Records from a dataset
----------------

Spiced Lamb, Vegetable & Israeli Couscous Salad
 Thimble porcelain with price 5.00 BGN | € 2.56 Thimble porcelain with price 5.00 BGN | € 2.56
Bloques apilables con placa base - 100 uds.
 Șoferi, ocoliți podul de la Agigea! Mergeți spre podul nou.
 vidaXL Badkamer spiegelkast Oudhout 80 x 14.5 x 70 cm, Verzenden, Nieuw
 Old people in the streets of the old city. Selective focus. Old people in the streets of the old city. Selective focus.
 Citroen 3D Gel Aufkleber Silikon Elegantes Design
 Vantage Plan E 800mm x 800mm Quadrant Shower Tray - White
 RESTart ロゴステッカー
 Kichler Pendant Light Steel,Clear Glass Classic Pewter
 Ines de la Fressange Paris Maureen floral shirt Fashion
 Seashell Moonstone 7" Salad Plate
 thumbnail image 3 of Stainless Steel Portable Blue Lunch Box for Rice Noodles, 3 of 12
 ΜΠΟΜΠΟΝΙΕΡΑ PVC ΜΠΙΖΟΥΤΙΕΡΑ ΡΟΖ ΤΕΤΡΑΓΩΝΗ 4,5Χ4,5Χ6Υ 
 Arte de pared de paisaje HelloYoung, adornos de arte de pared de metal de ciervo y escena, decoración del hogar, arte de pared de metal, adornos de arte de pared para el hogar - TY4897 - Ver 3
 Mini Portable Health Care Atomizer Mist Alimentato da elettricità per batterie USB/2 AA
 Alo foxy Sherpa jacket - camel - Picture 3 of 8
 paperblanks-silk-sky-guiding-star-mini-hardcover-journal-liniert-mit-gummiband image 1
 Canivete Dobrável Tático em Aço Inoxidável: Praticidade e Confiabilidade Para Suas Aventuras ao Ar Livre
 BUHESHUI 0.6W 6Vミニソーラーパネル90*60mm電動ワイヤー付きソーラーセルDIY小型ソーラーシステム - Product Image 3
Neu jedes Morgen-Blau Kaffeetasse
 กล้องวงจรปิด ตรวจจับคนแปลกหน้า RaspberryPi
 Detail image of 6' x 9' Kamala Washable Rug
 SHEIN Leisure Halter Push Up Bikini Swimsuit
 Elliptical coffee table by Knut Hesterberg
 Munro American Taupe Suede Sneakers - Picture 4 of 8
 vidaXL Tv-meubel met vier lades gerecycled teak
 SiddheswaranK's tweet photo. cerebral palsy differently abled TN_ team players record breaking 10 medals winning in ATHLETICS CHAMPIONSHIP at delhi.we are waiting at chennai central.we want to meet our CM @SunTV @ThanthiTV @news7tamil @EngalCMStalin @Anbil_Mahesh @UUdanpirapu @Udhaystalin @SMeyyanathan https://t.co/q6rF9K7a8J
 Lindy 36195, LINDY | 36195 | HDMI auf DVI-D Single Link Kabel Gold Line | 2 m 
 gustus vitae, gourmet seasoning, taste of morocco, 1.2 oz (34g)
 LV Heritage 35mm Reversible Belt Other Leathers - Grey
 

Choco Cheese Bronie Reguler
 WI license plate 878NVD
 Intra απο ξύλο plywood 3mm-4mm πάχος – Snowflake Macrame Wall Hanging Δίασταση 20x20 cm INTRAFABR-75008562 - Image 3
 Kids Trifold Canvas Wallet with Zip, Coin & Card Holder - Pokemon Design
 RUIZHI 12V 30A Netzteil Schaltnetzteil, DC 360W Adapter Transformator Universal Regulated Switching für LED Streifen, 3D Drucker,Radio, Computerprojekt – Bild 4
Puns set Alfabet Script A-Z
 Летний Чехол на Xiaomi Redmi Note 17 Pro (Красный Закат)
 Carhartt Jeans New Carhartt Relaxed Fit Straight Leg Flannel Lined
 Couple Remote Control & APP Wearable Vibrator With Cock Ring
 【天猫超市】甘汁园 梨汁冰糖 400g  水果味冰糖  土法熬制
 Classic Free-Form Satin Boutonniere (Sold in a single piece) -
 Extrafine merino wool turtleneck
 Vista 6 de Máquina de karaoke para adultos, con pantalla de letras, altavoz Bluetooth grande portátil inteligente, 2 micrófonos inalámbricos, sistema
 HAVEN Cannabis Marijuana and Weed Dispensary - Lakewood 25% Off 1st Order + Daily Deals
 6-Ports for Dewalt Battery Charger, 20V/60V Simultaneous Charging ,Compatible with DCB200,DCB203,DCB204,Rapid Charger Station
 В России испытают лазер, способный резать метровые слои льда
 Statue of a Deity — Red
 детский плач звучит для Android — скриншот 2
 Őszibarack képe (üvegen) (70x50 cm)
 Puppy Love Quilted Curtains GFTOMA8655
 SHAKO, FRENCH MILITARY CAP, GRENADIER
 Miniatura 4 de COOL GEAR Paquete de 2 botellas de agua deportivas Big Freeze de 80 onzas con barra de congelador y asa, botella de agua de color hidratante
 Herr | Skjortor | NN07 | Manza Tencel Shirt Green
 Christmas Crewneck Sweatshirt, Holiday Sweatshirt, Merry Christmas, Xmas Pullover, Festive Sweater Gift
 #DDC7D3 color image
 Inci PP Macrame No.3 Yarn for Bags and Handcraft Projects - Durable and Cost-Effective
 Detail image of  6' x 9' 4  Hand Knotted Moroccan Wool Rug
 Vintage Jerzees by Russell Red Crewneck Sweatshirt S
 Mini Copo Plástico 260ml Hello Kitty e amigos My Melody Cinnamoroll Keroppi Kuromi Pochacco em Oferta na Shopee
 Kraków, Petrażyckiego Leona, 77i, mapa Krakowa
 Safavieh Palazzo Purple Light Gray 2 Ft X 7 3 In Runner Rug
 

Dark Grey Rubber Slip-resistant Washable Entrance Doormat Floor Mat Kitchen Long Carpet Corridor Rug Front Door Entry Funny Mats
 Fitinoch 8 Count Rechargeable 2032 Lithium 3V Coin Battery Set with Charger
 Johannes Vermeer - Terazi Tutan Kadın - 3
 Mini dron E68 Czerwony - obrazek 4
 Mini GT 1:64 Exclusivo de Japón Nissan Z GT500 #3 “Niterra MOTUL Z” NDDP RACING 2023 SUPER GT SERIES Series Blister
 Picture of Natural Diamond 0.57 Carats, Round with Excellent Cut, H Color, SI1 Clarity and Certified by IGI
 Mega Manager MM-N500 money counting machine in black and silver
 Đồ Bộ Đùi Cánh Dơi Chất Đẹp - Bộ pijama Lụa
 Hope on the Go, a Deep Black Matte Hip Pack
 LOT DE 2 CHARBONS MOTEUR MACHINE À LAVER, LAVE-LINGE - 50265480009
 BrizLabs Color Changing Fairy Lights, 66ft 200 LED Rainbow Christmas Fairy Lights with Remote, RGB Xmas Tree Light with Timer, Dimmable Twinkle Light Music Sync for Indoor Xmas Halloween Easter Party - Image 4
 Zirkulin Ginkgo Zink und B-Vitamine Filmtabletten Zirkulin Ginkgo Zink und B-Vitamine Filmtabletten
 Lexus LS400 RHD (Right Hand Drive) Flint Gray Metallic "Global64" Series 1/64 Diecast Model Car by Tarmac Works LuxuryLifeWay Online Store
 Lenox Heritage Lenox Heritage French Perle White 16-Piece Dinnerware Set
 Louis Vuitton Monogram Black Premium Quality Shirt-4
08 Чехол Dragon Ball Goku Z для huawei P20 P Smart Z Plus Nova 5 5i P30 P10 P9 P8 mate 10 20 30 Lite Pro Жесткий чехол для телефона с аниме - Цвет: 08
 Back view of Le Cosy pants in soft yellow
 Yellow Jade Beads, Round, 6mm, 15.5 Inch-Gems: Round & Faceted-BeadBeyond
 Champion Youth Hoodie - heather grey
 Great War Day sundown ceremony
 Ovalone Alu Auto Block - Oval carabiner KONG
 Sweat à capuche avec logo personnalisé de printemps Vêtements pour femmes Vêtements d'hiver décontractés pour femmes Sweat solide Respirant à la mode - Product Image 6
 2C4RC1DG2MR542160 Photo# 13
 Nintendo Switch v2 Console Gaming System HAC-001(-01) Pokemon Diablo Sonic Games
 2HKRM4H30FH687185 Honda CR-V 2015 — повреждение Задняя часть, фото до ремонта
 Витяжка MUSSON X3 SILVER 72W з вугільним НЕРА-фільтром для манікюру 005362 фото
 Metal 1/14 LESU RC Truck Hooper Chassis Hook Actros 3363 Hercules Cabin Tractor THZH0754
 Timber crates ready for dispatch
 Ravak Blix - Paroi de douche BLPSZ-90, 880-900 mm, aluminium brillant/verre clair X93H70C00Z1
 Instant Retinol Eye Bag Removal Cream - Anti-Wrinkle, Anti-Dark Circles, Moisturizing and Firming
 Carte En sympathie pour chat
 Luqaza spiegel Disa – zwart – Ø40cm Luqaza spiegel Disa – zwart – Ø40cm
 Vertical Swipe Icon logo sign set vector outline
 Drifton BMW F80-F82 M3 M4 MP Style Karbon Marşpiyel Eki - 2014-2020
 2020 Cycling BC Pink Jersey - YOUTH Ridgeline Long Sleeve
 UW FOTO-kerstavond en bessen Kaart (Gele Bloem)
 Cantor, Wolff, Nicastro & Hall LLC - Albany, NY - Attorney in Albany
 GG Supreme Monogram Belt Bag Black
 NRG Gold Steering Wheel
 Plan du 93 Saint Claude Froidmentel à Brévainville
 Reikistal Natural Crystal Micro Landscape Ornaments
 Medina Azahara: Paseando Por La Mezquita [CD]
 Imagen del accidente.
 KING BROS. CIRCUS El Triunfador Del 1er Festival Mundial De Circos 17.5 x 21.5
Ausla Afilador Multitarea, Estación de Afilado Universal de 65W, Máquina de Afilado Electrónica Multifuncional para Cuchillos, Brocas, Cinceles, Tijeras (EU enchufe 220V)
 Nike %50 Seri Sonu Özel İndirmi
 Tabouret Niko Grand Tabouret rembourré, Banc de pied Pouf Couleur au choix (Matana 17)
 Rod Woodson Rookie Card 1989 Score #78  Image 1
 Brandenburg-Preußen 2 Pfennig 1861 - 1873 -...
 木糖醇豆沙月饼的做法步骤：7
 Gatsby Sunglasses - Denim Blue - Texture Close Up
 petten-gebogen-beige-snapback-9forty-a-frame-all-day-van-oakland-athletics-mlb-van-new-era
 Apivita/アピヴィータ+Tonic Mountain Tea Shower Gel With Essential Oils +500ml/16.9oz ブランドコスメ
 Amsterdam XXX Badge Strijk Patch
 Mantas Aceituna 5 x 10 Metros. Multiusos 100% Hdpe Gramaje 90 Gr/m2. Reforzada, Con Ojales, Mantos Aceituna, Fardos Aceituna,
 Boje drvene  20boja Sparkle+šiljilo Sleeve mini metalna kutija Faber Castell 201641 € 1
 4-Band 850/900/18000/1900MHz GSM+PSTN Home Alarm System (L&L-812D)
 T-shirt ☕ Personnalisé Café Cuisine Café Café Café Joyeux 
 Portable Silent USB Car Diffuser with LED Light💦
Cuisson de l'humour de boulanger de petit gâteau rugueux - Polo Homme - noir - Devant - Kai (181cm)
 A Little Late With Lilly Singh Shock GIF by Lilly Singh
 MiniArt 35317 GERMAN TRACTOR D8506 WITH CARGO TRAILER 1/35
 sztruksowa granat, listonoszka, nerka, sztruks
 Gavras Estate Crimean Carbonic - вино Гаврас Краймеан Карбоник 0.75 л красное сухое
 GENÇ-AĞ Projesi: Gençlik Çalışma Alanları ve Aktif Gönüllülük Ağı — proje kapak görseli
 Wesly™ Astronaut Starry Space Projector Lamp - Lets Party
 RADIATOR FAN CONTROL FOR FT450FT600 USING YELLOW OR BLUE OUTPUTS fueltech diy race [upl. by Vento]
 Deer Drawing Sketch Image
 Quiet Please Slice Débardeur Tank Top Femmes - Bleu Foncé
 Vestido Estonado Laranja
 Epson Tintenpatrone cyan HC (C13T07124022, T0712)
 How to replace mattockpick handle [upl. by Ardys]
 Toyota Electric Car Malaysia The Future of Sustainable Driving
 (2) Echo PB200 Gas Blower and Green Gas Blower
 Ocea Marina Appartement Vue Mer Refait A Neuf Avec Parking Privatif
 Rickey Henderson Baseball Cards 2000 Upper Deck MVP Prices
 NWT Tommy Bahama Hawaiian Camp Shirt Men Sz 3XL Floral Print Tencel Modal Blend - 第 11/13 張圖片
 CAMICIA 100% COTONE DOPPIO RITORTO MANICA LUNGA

----------------

WHAT TO DO:
Begin at the top of the records above and quote each line exactly, ending with the line that contains "Munro American Taupe".

SOLVED EXERCISE:
Spiced Lamb, Vegetable & Israeli Couscous Salad
 Thimble porcelain with price 5.00 BGN | € 2.56 Thimble porcelain with price 5.00 BGN | € 2.56
Bloques apilables con placa base - 100 uds.
 Șoferi, ocoliți podul de la Agigea! Mergeți spre podul nou.
 vidaXL Badkamer spiegelkast Oudhout 80 x 14.5 x 70 cm, Verzenden, Nieuw
 Old people in the streets of the old city. Selective focus. Old people in the streets of the old city. Selective focus.
 Citroen 3D Gel Aufkleber Silikon Elegantes Design
 Vantage Plan E 800mm x 800mm Quadrant Shower Tray - White
 RESTart ロゴステッカー
 Kichler Pendant Light Steel,Clear Glass Classic Pewter
 Ines de la Fressange Paris Maureen floral shirt Fashion
 Seashell Moonstone 7" Salad Plate
 thumbnail image 3 of Stainless Steel Portable Blue Lunch Box for Rice Noodles, 3 of 12
 ΜΠΟΜΠΟΝΙΕΡΑ PVC ΜΠΙΖΟΥΤΙΕΡΑ ΡΟΖ ΤΕΤΡΑΓΩΝΗ 4,5Χ4,5Χ6Υ 
 Arte de pared de paisaje HelloYoung, adornos de arte de pared de metal de ciervo y escena, decoración del hogar, arte de pared de metal, adornos de arte de pared para el hogar - TY4897 - Ver 3
 Mini Portable Health Care Atomizer Mist Alimentato da elettricità per batterie USB/2 AA
 Alo foxy Sherpa jacket - camel - Picture 3 of 8
 paperblanks-silk-sky-guiding-star-mini-hardcover-journal-liniert-mit-gummiband image 1
 Canivete Dobrável Tático em Aço Inoxidável: Praticidade e Confiabilidade Para Suas Aventuras ao Ar Livre
 BUHESHUI 0.6W 6Vミニソーラーパネル90*60mm電動ワイヤー付きソーラーセルDIY小型ソーラーシステム - Product Image 3
Neu jedes Morgen-Blau Kaffeetasse
 กล้องวงจรปิด ตรวจจับคนแปลกหน้า RaspberryPi
 Detail image of 6' x 9' Kamala Washable Rug
 SHEIN Leisure Halter Push Up Bikini Swimsuit
 Elliptical coffee table by Knut Hesterberg
 Munro American Taupe Suede Sneakers - Picture 4 of 8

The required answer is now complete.